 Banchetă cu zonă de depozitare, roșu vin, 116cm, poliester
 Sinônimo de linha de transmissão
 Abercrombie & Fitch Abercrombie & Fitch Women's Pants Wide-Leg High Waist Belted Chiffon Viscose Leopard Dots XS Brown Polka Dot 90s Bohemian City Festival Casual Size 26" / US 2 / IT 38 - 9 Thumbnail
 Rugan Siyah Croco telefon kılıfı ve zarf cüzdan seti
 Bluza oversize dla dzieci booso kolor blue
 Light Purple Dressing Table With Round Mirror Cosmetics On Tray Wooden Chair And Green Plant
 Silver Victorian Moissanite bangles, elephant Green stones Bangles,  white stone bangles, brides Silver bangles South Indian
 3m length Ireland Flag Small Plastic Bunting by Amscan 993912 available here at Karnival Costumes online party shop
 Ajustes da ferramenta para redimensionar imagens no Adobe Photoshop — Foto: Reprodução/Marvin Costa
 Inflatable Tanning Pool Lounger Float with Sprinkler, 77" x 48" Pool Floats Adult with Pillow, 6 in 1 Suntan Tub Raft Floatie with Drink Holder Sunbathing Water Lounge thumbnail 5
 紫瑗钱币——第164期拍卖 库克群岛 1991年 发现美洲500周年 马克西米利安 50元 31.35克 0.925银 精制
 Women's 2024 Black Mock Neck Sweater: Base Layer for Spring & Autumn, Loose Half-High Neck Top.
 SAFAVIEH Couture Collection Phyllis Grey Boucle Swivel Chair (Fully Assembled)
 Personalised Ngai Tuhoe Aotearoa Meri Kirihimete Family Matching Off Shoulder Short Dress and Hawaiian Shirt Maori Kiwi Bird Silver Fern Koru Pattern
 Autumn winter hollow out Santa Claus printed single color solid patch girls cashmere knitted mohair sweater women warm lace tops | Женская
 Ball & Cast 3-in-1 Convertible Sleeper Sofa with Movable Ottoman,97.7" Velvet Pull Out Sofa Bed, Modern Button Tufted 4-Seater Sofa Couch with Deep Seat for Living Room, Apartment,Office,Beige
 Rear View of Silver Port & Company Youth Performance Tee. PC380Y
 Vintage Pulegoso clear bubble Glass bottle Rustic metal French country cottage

————————

* Requirement:
Give again, word for word, the records from their first line to the one with "Abercrombie & Fitch Abercrombie", and leave out all else.

* Solved exercise:
 Banchetă cu zonă de depozitare, roșu vin, 116cm, poliester
 Sinônimo de linha de transmissão
 Abercrombie & Fitch Abercrombie & Fitch Women's Pants Wide-Leg High Waist Belted Chiffon Viscose Leopard Dots XS Brown Polka Dot 90s Bohemian City Festival Casual Size 26" / US 2 / IT 38 - 9 Thumbnail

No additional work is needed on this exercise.